Parents are losing 75pc of appeals over school expulsions

Katherine Donnelly

PARENTS who challenge the expulsion of their child from secondary school are losing three out of four cases that go to a full hearing.

Expulsions from among the ranks of the 350,000 post-primary students are rare and usually for severe or persistent breaches of discipline.

In recent years, parents were given a legal right, under Section 29 of the Education Act, to appeal such decisions to a special Department of Education committee.

But latest figures show that parents who pursue cases all the way are overwhelmingly losing the argument.

When a student is expelled, efforts are made to find an alternative place in another school or in Youthreach, which provides an alternative to mainstream education.

Legislation requires children to remain in education until the age of 16 and the National Educational Welfare Board must be informed of a pending expulsion.

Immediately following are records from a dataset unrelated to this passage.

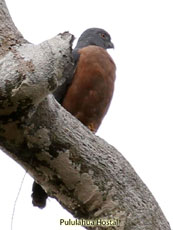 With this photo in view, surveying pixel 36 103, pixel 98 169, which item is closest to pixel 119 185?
pixel 98 169

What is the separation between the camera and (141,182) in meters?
3.74

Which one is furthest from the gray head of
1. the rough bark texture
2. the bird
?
the rough bark texture

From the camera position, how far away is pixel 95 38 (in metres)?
6.48

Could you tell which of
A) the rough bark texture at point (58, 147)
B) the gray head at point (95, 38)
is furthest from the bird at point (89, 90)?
the rough bark texture at point (58, 147)

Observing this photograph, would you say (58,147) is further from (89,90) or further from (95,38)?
(95,38)


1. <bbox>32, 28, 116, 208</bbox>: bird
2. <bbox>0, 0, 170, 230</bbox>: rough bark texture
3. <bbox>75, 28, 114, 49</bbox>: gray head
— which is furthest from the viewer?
<bbox>75, 28, 114, 49</bbox>: gray head

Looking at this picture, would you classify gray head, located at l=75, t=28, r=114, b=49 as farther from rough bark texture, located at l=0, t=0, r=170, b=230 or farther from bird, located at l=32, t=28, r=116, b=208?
rough bark texture, located at l=0, t=0, r=170, b=230

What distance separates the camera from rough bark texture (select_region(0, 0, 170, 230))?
2996 mm

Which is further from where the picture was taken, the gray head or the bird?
the gray head

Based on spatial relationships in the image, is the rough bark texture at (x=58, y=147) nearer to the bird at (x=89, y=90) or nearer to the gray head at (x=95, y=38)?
the bird at (x=89, y=90)

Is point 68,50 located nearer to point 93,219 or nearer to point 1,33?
point 1,33

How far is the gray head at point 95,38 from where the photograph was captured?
636cm

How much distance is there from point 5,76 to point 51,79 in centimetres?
26

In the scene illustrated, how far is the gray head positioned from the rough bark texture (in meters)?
2.81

According to latest figures from the Department of Education, there were a total of 351 appeals against expulsion of second-level pupils between 2005 and 2009.

Some were withdrawn and others were resolved locally, but 271 went all the way to a full hearing of a Department of Education committee. Of those, 203 were not upheld, while just 68 went in favour of the parents.

In 2007, the legislation was amended to require appeal committees to take into account the needs of the wider school community when considering appeals against expulsion.

That followed a number of high-profile incidents, including the successful appeal against the expulsion of a 14-year-old student who had threatened a teacher with a hammer, stabbed a fellow pupil with a pen and was found in possession of knives on the school grounds.

The figures, released to Fine Gael education spokesperson Brian Hayes, also show a downward trend in the number of appeals against expulsions. There were only 56 in 2009, compared with 84 in 2006.

Section 29 also allows parents to appeal against a school's refusal to enrol or a decision to suspend a pupil for a period greater than 20 days.

Where an appeal against an expulsion is upheld by the committee, the secretary-general of the department can direct a school to enrol or reinstate a pupil.


Transparent policies on admissions and behaviour, that adhere to the law and have been applied in a fair manner, are the cornerstone of a school's defence against an appeal.

The Section 29 process has been the subject of a number of High Court rulings.

As a result, the department has instructed that a committee is confined to reviewing whether a school's board of management applied its policies correctly and lawfully and whether it acted in a reasonable and rational manner.

Ferdia Kelly, general secretary of the Joint Managerial Body, which represents two-thirds of second-level schools, said no school took a decision lightly to suspend or expel a pupil.

Association of Secondary Teachers Ireland general-secretary John White said the figures showed that it was only when there was no alternative that schools reluctantly expelled or suspended pupils.

"Schools make every endeavour to cope with difficult and challenging pupils, but they also have to think of the great majority of pupils whose right to education may be damaged by disruptive pupils," he said.

Teachers Union of Ireland president Don Ryan said "decisions taken to suspend or expel pupils are taken in complete exasperation with the refusal to heed repeated requests for changed behaviour.

"It is important to make the distinction between boisterous behaviour and that which poses a risk to the health and safety of other pupils and school staff."